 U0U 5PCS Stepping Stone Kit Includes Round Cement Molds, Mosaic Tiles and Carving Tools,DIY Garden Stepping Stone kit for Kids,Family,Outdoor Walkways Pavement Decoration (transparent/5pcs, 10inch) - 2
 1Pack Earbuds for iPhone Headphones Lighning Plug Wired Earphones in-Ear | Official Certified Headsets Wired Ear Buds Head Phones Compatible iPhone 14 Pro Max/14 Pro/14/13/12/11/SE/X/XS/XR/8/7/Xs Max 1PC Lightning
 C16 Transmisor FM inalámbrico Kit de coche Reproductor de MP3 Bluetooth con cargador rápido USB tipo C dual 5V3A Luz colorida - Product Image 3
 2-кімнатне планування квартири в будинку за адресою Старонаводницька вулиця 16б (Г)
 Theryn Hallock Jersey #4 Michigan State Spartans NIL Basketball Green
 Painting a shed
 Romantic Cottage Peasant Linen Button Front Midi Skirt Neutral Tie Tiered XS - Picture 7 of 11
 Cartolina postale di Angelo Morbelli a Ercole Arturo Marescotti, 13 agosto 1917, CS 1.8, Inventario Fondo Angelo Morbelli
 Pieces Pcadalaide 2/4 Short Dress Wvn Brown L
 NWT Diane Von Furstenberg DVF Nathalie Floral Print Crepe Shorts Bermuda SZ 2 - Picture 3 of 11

■ ■ ■ ■ ■

# GOAL OF THE EXERCISE
Only a number is wanted. How many lines of the entries above carry "Picture"?

# RESPONSE TO THE EXERCISE
2